さあ、その次はいよいよ羽鳥峰峠です。道が稜線を外れたと思ったら、視界がぽっかりひらけました。本日の幕営場所、しじみお気に入りの砂礫地帯に、ついに到着です。

「わー、すごいねー!」Kさんも歓声。山中とは思えない広々とした景色に、しじみも大満足。しかし・・東の方向に目をやった瞬間、しじみは凍りつきました。「あれ・・?」

見えない。伊勢湾も三重市街も、いやそれどころかふもとの朝明キャンプ場すら見えない。羽鳥峰および水晶岳から張り出した尾根で、東の展望はがっちりガードされ、空と山しか見えないのでした。しじみの記憶にあったのはいったいどこの風景だったのでしょう。
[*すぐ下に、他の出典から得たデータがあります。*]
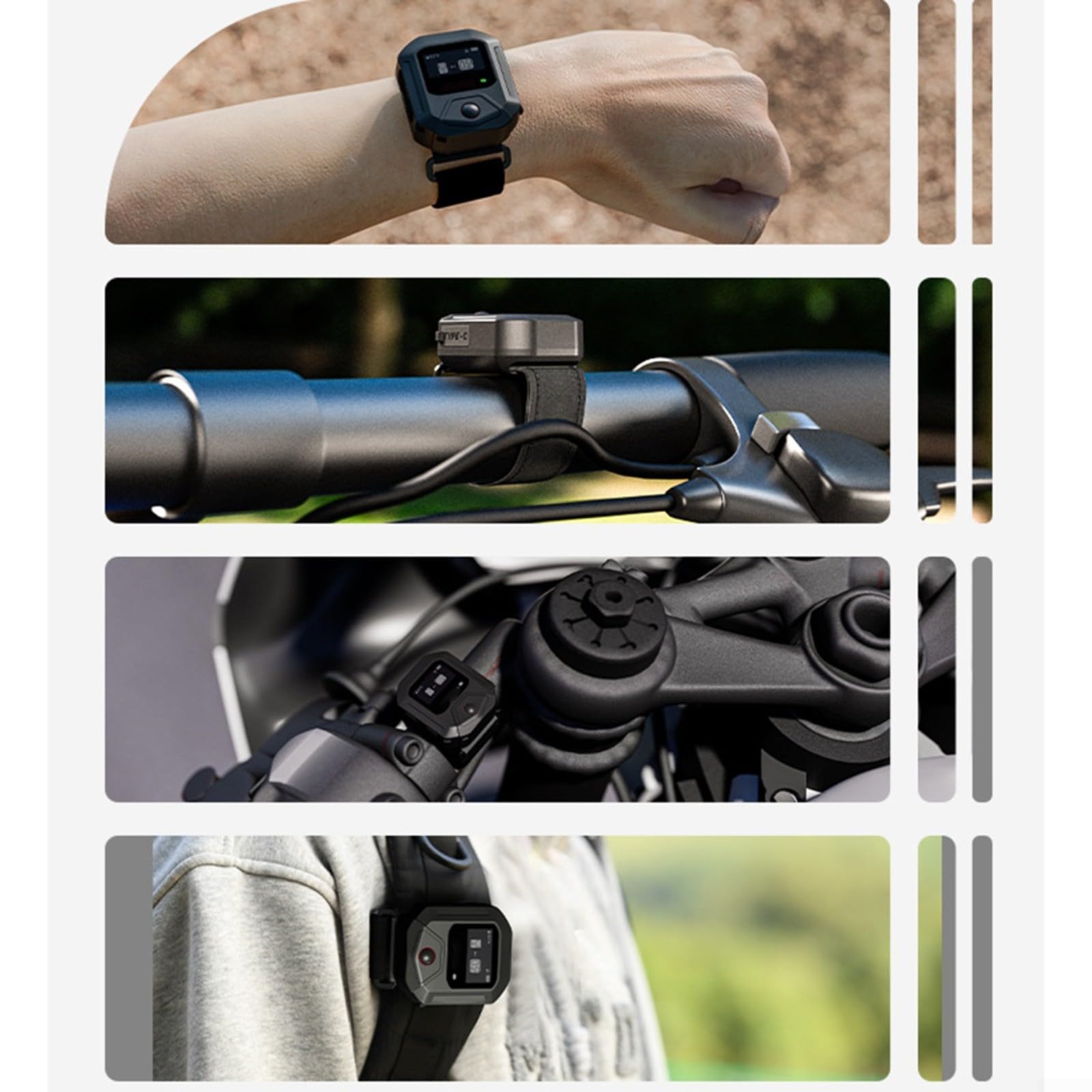 Intelligente Fernbedienung für INSTA360 GPS – Echtzeitüberwachung mit integriertem Bildschirm & Standortverfolgung – 25 m lange Reichweite blaue Zahnsteuerung – inklusive Handgelenk-/Fahrradriemen für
完璧な記憶違いでした。

「街・・・見えないね」
「・・・・・・・・・・・・・・ごめんなさい

いや!いや違うんです!けっして幕営したさにだましたわけではなくて!しじみも勘違いしてたのです!信じてー!・・としどろもどろに謝るも、形勢は圧倒的に不利。
しかしそこはKさんもオトナで、「羽鳥峰のロケーションがいたく気に入ったので許す」ということで落ち着きました。うー、面目ない・・。_| ̄|○

そしてテントを張り、夕食の準備。水場の水量が思いのほか少なく、ペットボトルで汲むと砂が混じってしまうので、浄水器が役に立ちました。

夕食はこのところ定番のレトルトカレー+アルファ米。カレーをガツガツかき込んだ後は、Kさん特製の焼酎お湯割り(梅干し入り)をすすりながら、ロースターでガーリックトーストやスルメを炙り、炉端焼き気分(?)を味わいました。

結局、他にキャンプをする人はおろか通る人すらなく、そのまま静かに日が暮れました。テントに入ってラジオを聴き、オセロ勝負に白熱し、夜が更けて外に出てみると、空は薄曇りながらも、一面に星がまたたいていました。

今回初めて知ったことですが、星空というのは見つめれば見つめるほどに目が慣れて、最初見えなかった星が次々に現れてきます。標高1000mにも満たない地点ながら、すばらしい天の川がおがめました。ふだん友人Mとは、野郎同士で星空を眺めるなどということはしないので、新鮮な体験でした( ^-^;)

しじみ
Kさん
「うわー、こんな低い山でも、すごくよく見えますねー」
「街の灯りが届かないからねー」

だからごめんなさいって m(_ _)m

そう簡単には許してもらえないしじみでした・・。




※追記

この道はどうやら「ブナ清水」という場所に至る道のようです。山たまごさんが教えてくださいました!詳しくは山たまごさんの岳行ノートをご覧ください。入口の場所は違うようですが、いずれ合流すると思われます。
それにしても、なんかすごくイイかんじの所ですね〜!いつかまた行ってみたいです。スペシャルサンクス山たまご様!!( ^-^ )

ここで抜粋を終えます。